The public workshop on Thursday will look at
potential solutions to flooding in the area just south and east of the
San Francisco Olympic Club golf course. The $500,000 Vista Grande
Watershed Plan includes a proposal to drill a tunnel for a
15-foot-diameter storm drainpipe to the coast with an underground
boring machine.
The pipe would more than double the current
stormwater carrying capacity in the area and be large enough to handle
rains so severe they're only predicted to occur every 25 years,
officials said.
"No one is going to show up at the meeting because
no one knows anything about it," Demetri Papakonstantino said when
reached at home for comment. Papakonstantino said he suffered around
$150,000 damage when his home was inundated in late February 2004, he
said.
Richard Swan, who said he suffered about $200,000 in damage
during the same flood, said he did not know about the meeting either,
but supports expanding the storm drain capacity to the coast. Both
Papakonstantino and Swan, along with about 75 other residents, are part
of a lawsuit seeking $45 million in damages against Daly City, San
Mateo County, the Olympic Club Golf Course and San Francisco for the
2004 flood.
While notification of the meeting was posted on the
city's Web site, residents said they have received no notification in
the mail or by telephone.
Daly City officials did not return calls for comment.
The
$118 million to $165 million pipeline construction project could take
one of three routes, either cutting under the golf course and emptying
south of Fort Funston or following John Daly Boulevard and emptying at
Thornton State Beach. It would be completed sometime in 2011, officials
said.
With the pipeline constructed, the Vista Grande canal,
running parallel to John Muir Drive, would be turned into 5.5 acres of
storm water wetlands. Water collected from the wetlands, which is
expected to attract migrating birds and other wildlife, could be used
to recharge Lake Merced, which remains below historic levels, said Greg
Bartow, integrated water resources manager for the San Francisco Public
Utilities Commission.
Stormwater runoff could also be diverted to
an underground aquifer in northern San Mateo County, Bartow said.
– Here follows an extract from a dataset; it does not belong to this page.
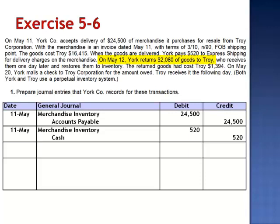On May 12th, York returns $2,080 of goods to Troy. This journal entry is the reverse of the journal entry from May 11th. We debit accounts payable, decreasing the amount owed, and credit merchandise inventory, reducing the value of the asset.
Usable storage of the aquifer is estimated at about 75,000 acre-feet,
roughly the same size as the Crystal Spring Reservoir, which could be
tapped during a drought or in the event of an earthquake, officials
said.
The San Francisco-based group Friends of Merced Lake is
critical of the plan, saying that among other things it is an expensive
way to pour fresh water into the ocean, according to member John
Plummer.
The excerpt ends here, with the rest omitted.